Copy every line of the material below exactly.

--- Data section ---

+-------+

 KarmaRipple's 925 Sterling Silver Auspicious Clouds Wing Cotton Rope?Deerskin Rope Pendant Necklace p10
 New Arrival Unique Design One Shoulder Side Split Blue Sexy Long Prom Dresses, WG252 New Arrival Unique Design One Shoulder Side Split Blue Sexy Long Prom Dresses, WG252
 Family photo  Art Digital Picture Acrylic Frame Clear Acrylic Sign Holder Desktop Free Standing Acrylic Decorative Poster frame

+-------+

--- Result below ---
 KarmaRipple's 925 Sterling Silver Auspicious Clouds Wing Cotton Rope?Deerskin Rope Pendant Necklace p10
 New Arrival Unique Design One Shoulder Side Split Blue Sexy Long Prom Dresses, WG252 New Arrival Unique Design One Shoulder Side Split Blue Sexy Long Prom Dresses, WG252
 Family photo  Art Digital Picture Acrylic Frame Clear Acrylic Sign Holder Desktop Free Standing Acrylic Decorative Poster frame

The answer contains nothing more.